Omitting the pictures, print every line below exactly as it stands.

→ **Source data**
************

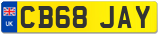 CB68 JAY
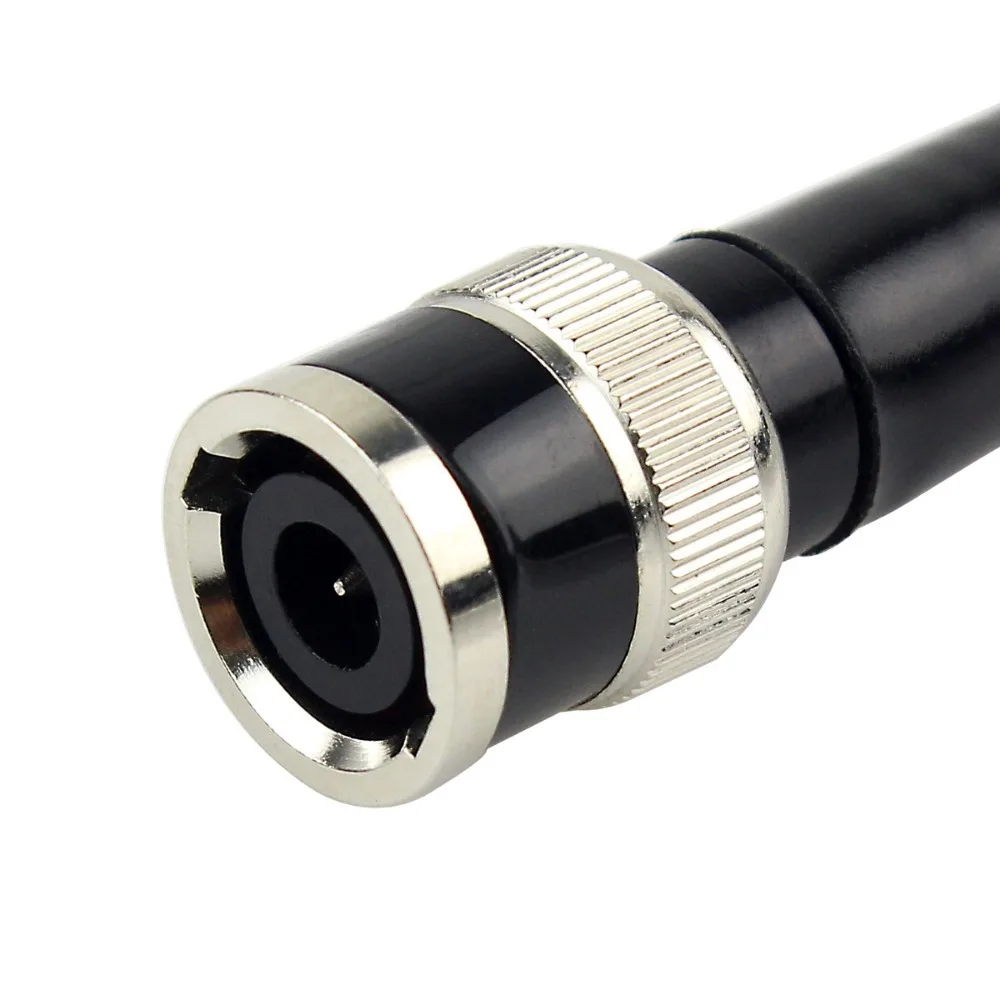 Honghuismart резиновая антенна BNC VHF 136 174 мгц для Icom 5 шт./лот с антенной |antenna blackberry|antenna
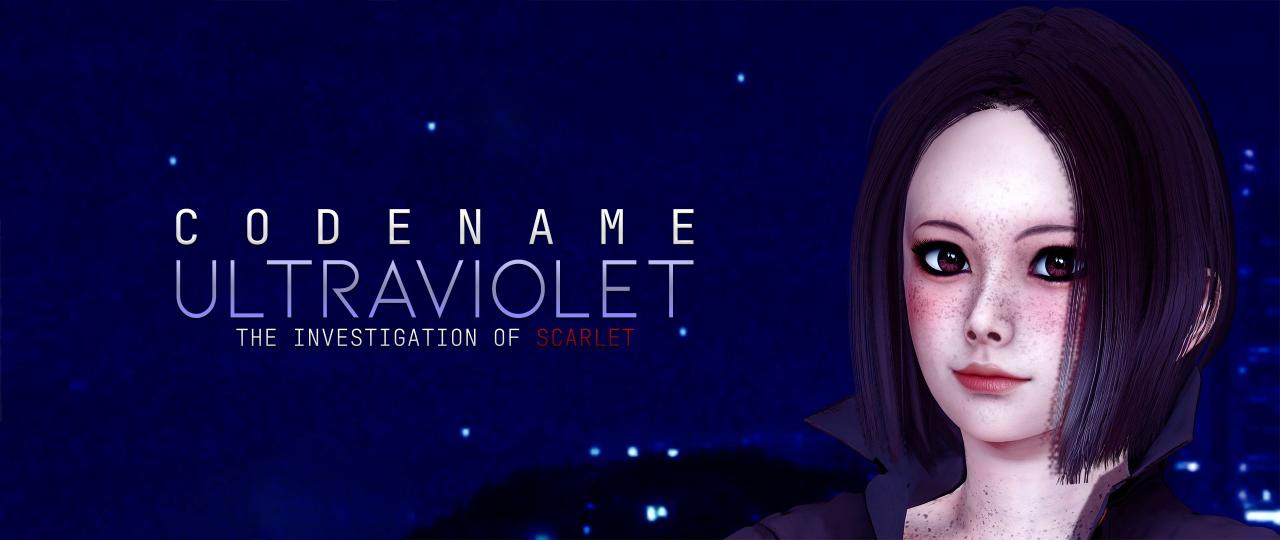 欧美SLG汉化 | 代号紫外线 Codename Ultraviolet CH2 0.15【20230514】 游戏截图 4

************

→ **Solution to this task**
 CB68 JAY
 Honghuismart резиновая антенна BNC VHF 136 174 мгц для Icom 5 шт./лот с антенной |antenna blackberry|antenna
 欧美SLG汉化 | 代号紫外线 Codename Ultraviolet CH2 0.15【20230514】 游戏截图 4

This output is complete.